A pupil is writing on a board positive integers $x_0,x_1,x_2,x_3...$ after the following algorithm which implies arithmetic progression $3,5,7,9...$.Each term of rank $k\ge2$ is a difference between the product of the last number on the board and the term of arithmetic progression of rank $k$ and the last but one term on the bord with the sum of the terms of the arithemtic progression with ranks less than $k$.If $x_0=0 $ and $x_1=1$ find $x_n$ according to n.
Problem
Source: Moldova TST 2018
Tags: algorithm, arithmetic sequence, combinatorics
12.11.2021 21:02
Statement can be changed to this: Let $a_n=2n+1$ and $(x_n)$ be sequnce such that $x_0=0$,$x_1=1$ and for any $n\geq 2$ $x_n=x_{n-1}\cdot a_n-x_{n-2}\cdot \sum_{i=1}^{k-1}a_i$. Then find explicit formula of $x_n$ as a function of $n$.
12.11.2021 21:21
Any idea?
13.11.2021 02:12
Jalil_Huseynov wrote: Statement can be changed to this: Let $a_n=2n+1$ and $(x_n)$ be sequnce such that $x_0=0$,$x_1=1$ and for any $n\geq 2$ $x_n=x_{n-1}\cdot a_n-x_{n-2}\cdot \sum_{i=1}^{k-1}a_i$. Then find explicit formula of $x_n$ as a function of $n$.
U sure this is right? When i tried to find the generating function of $x_n$ is got something that involves $e$ and the exponential integral, which is kinda weird. Edit: the shorter version is $x_n=(2n+1)x_{n-1}-(n-1)^2 x_{n-2}$ for any $n \ge 2$
13.11.2021 07:17
MathLuis wrote: Jalil_Huseynov wrote: Statement can be changed to this: Let $a_n=2n+1$ and $(x_n)$ be sequnce such that $x_0=0$,$x_1=1$ and for any $n\geq 2$ $x_n=x_{n-1}\cdot a_n-x_{n-2}\cdot \sum_{i=1}^{k-1}a_i$. Then find explicit formula of $x_n$ as a function of $n$.

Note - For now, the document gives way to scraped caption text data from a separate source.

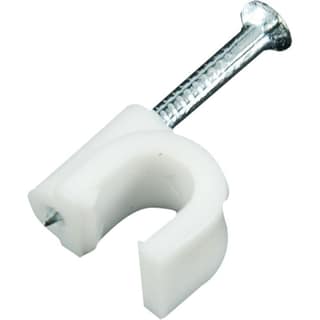 20 mm diameter White Cable Clip with single nail pack of 100 pcs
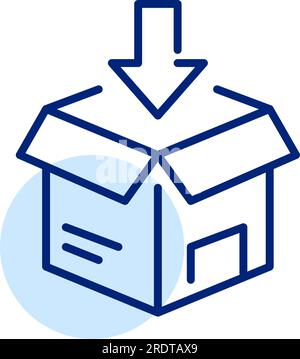 Packing a parcel. Delivery box and arrow. Shipment services. Pixel perfect icon Stock Vector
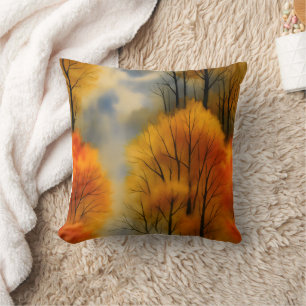 Rustic Autumn Forest - Fall Watercolor Throw Pillow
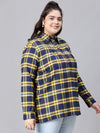 Seemed Yellow Brush Check Plus Size Women Cotton Top-W23280PBL003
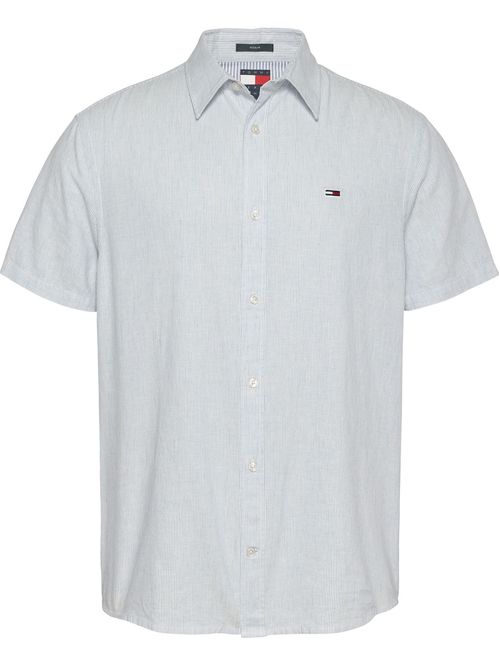 Camisa de manga corta en mezcla de lino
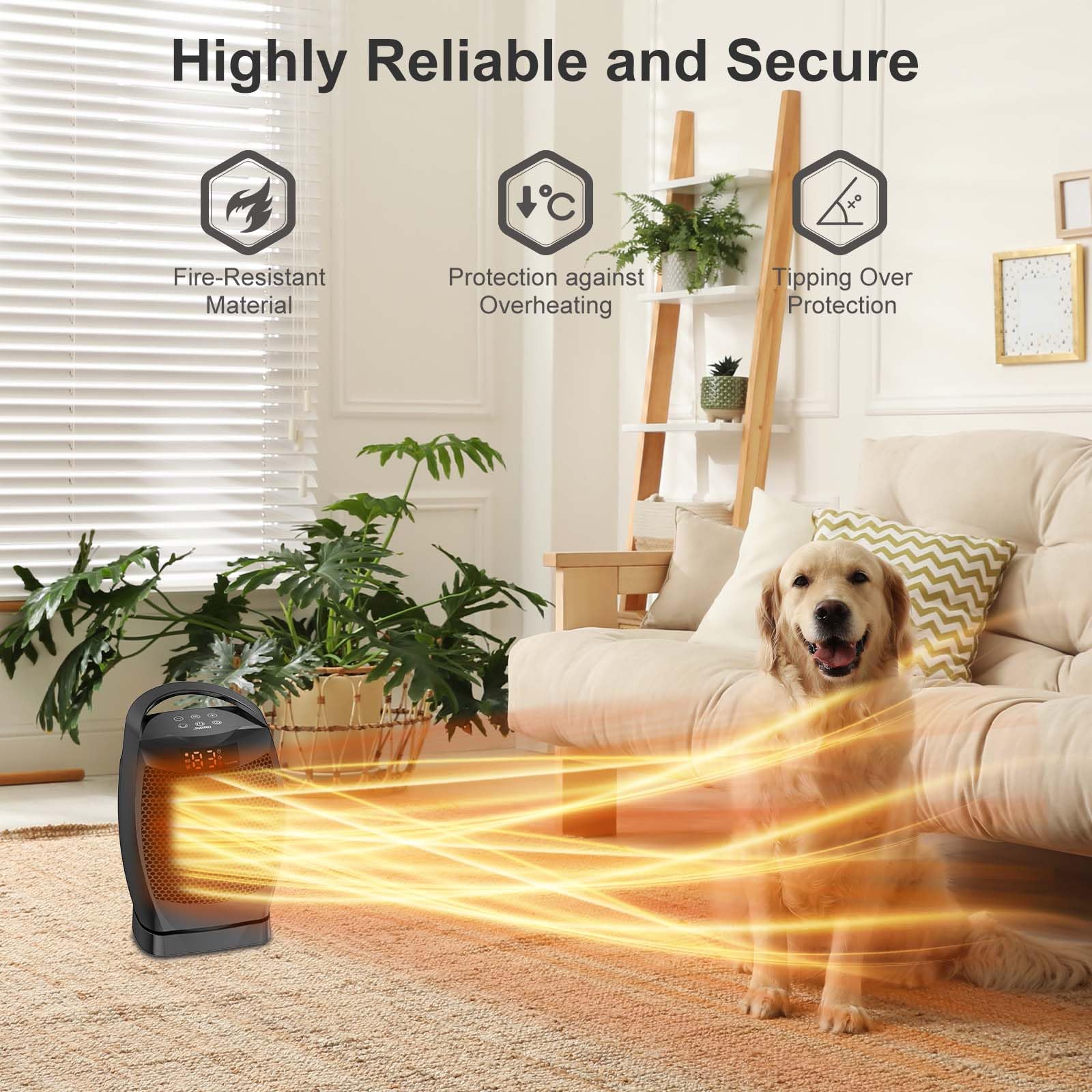 JNDRO oscillates up to 70 degrees for even coverage.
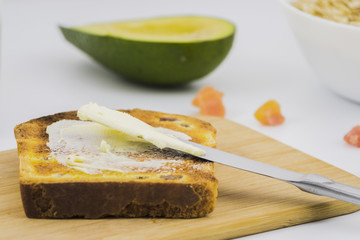 Breakfast with slices of bread and butter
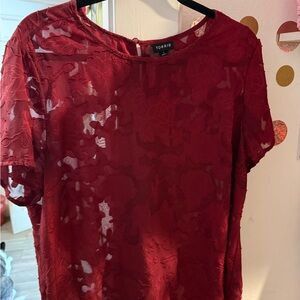 Torrid Deep Red Floral Lace Blouse
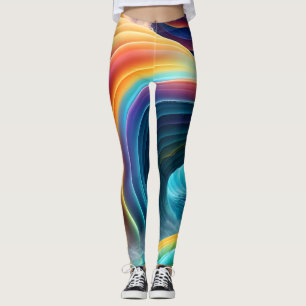 Leggings La brillante y brillante cascada arcoiris
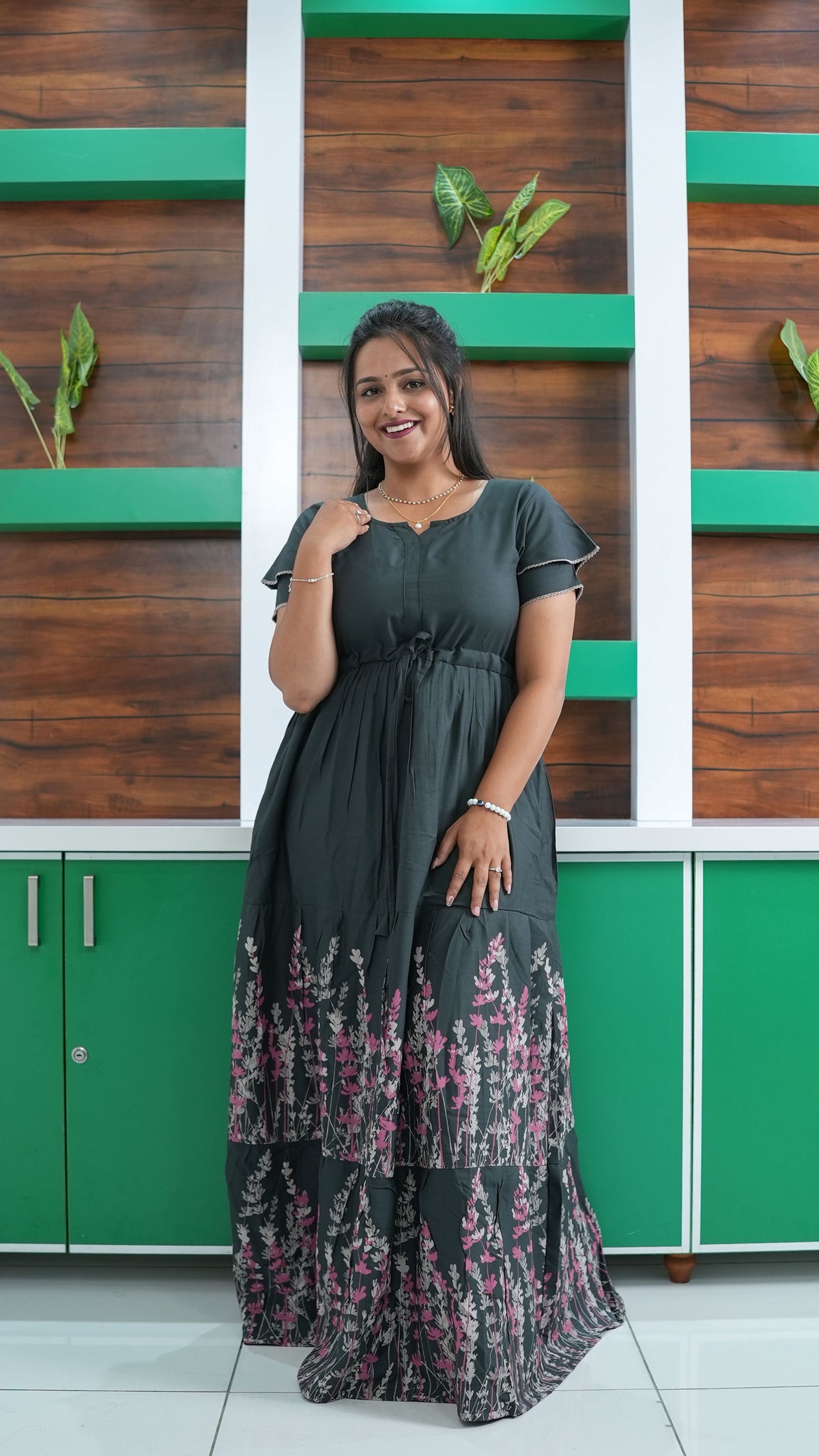 Forest Green Meadow Floral Rayon Gathering Frock – Adjustable Front Rope Night Gown with Double Layer Sleeve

U sure this is right? When i tried to find the generating function of $x_n$ is got something that involves $e$ and the exponential integral, which is kinda weird. Interesting. I found a pdf of Moldova TST 2018 and in there statement of Day1 P4 was written like that I said. I actually didn't check that are they similar or not,I just post exact statement which is given in this pdf.
18.12.2021 21:01
Can u share that pdf @above pls, i want to see it becuase i couldnt find anything about this problem in other part.
18.12.2021 21:10
MathLuis wrote: Can u share that pdf @above pls, i want to see it becuase i couldnt find anything about this problem in other part. Okay, I will DM you.
10.03.2022 02:44
Bump!!!!